More recently i-Sinar was introduced to allow withdrawal of up to RM9,000 or 10% from their Account 1 EPF savings up to RM60,000. The move is to help alleviate the financial burden of certain groups and to assist those who had lost their jobs consequent to the Covid-19 pandemic.


So, the question is should you touch your EPF savings?


If the amount withdrawn is to be used to meet the daily needs then it is fair. It could serve as a temporary relief for a wage earner who has lost his job and does not have other source of savings. The argument is, after all, it is your own money, whether it is to be spent now or later, it is your choice.


Yes, it is your money, but you must ask yourself if you truly need it now? Do you need to break into your piggy bank?

Are there other alternatives?

You can perhaps re-examine your monthly expenses to focus only on your needs and not wants. Shopping during sales promotion for example during the 11.11 Singles Day should be avoided to stop yourself from buying unnecessary items although they may be on huge discount.


If you can reduce your monthly expenses, you may be able to sustain your savings for several more months. For example, if you have RM12,000 savings (existing cash or assets), and if you can reduce your monthly expenses from RM2,000 to RM1,500, you can then stretch your savings to for eight months instead of just six months.

If you are in a critical situation, it is also advisable to visit your Bank to apply for the targeted moratorium. You may negotiate with the Bank to reschedule and restructure your loan financing.


You can also seek advice from the Credit Counselling and Debt Agency, or commonly nown as Agensi Kaunseling dan Pengurusan Kredit (AKPK). The agency assists individuals and business owners to review, restructure and manage their finances wisely.


If you are able to resist and plan not to touch your EPF savings, you may enjoy the following benefits.


Value of money continue to grow

If the eligible amount of RM6,000 from i-Lestari and RM9,000 from i-Sinar, are not withdrawn from your EPF savings, the money will continue to be compounded with dividends declared annually from EPF. The below projection is with assumption of annual dividends of 5%.

Having more during retirement

This means that you would have more savings during retirement.

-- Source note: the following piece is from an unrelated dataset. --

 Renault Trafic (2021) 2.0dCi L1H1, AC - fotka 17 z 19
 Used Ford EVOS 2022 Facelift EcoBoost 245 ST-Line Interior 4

The average life expectancy for Malaysians is 76 years old. This means you would still need income for another 16 years after retiring at age 60. This is not a short duration, and we need to ensure that we have enough savings to sustain and not be left penniless during our retirement years. Thus, you have, to be responsible for your financial situation and plan your savings and expenses well.


Conclusion

The amount taken out from Account 1 under the i-Sinar facility have to be topped up. All future EPF contributions will be credited 100% to Account 1 until the amount advanced is replenished. This means you would have less from Account 2 to fall back on should you need the money to pay for your housing loan, education or medical expenses.


In summary, any fund withdrawals from the Employees Provident Fund (EPF) should only be considered as a last resort to ease your financial burden. It should not be taken out if there are still other sources of income.


This is because if there is excess cash, there is a high potential that all will be spent. This will result in lower retirement savings in the future. As the saying goes, let’s endure the short-term pain to enjoy the long-term gain.